[Scraped caption text data]
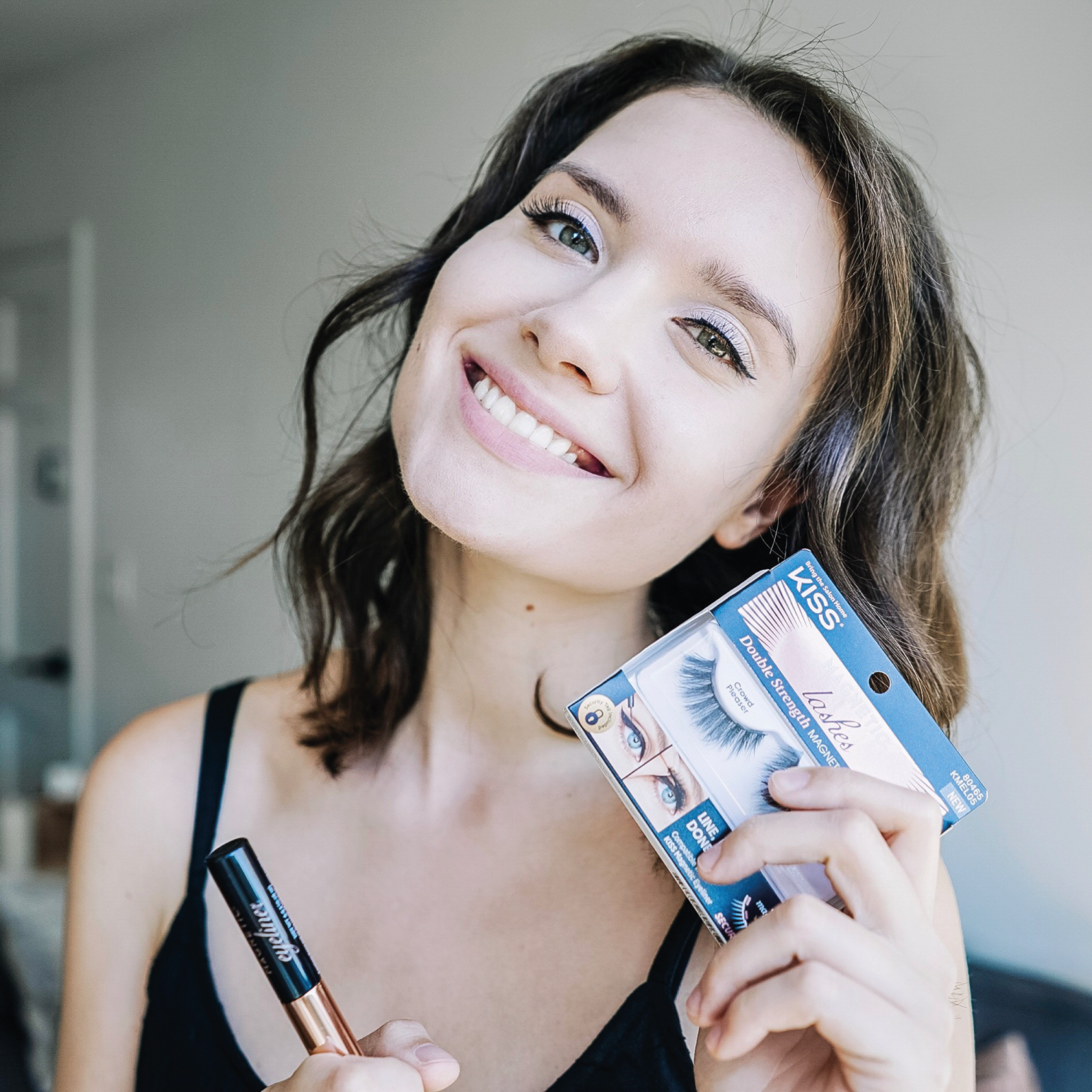 TikTok Shop – Going Live_2 A smiling woman showcasing makeup products from Kiss Cosmetics.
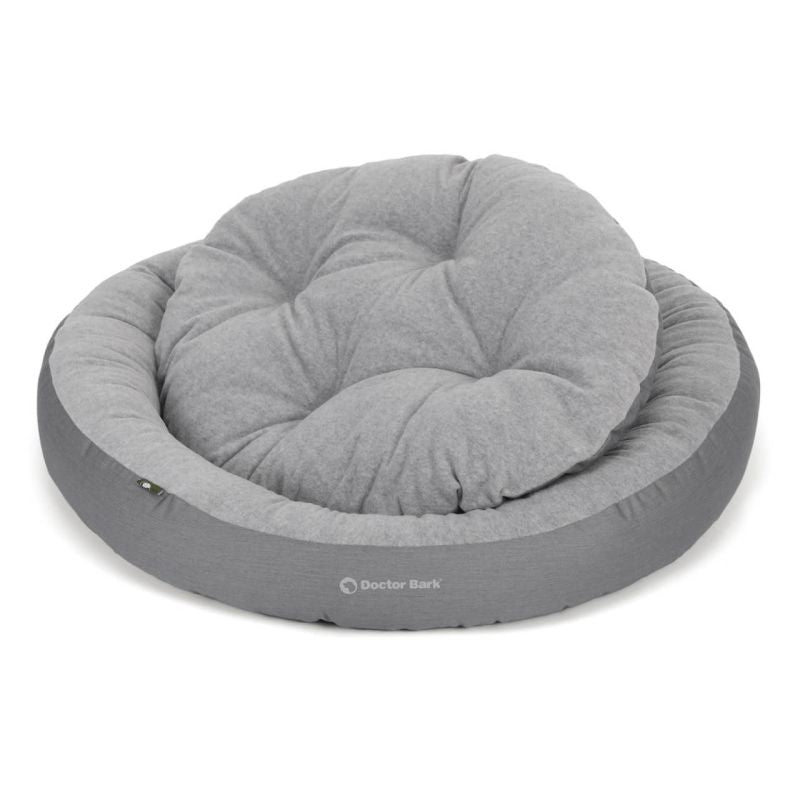 Graues, rundes Hundebett aus strapazierfähigem Material im gemütlichen Design für Hunde.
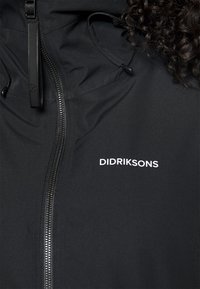 Črna nepremočljiva jakna z zadrgo, nastavljivim kapuco na vrvico in belim logotipom "DIDRIKSONS" na prsih. Gladka tekstura.
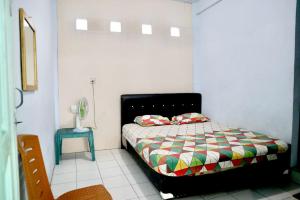 Giường trong phòng chung tại Hotel Kalingga 2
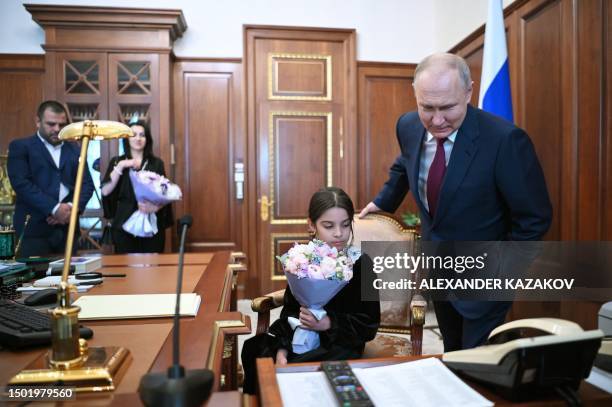 Russian President Vladimir Putin meets with Raisat Akipova, an 8-year-old girl from Derbent, who failed to see the head of state during his working...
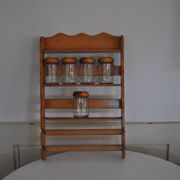 Brown wooden wall spice rack with a set of 6 glass jars, 1950s vintage style.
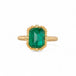 Gold ring with an emerald gemstone on a white background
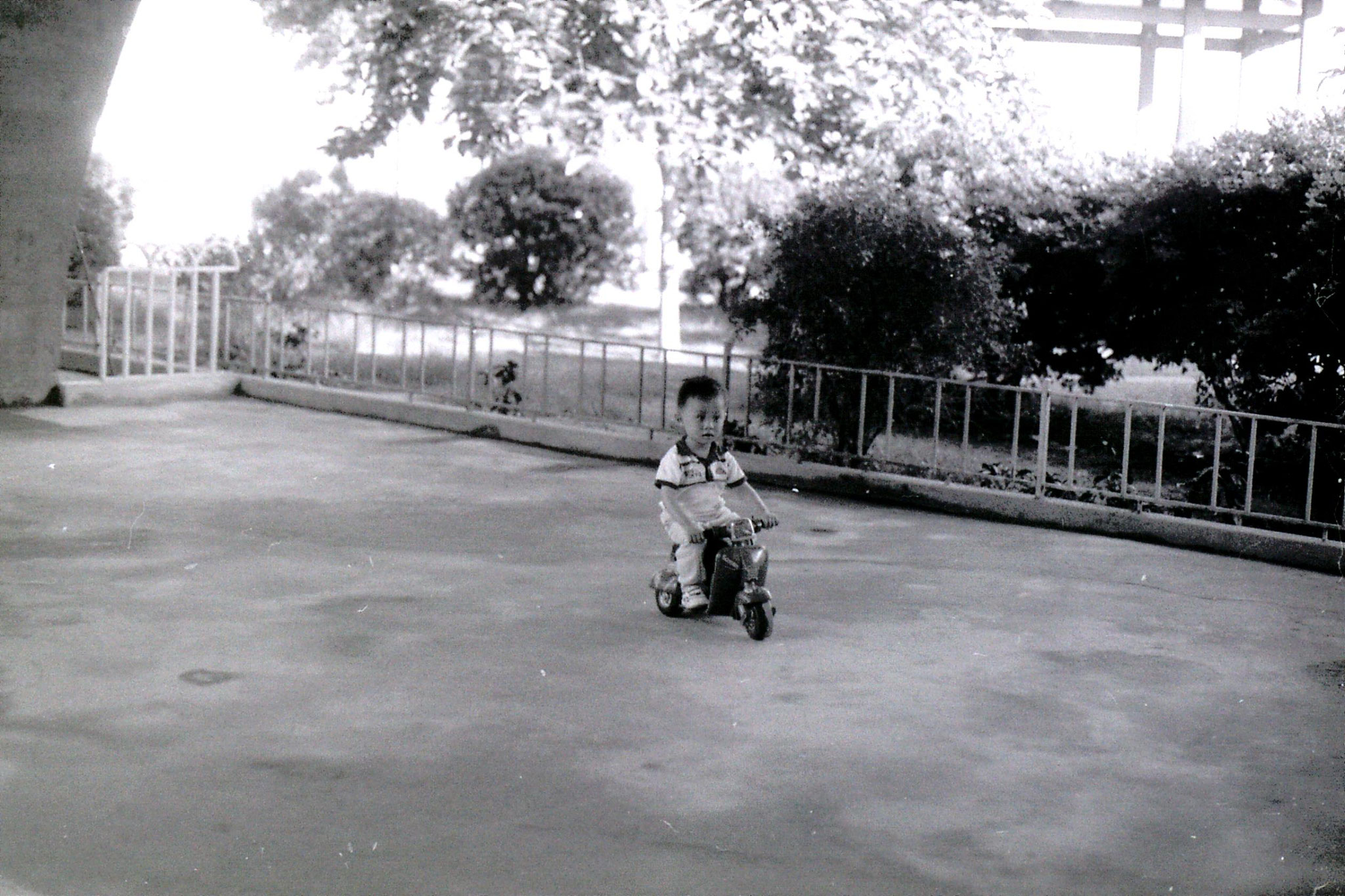 17/5/1989: 22: Guangzhou boy on miniature motor bike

■ What is needed: Your task is to repeat the opening line of the entries above and each line after it, ending with the line that has "Graues, rundes Hundebett". Do not include the pictures.

■ Final answer:
 TikTok Shop – Going Live_2 A smiling woman showcasing makeup products from Kiss Cosmetics.
 Graues, rundes Hundebett aus strapazierfähigem Material im gemütlichen Design für Hunde.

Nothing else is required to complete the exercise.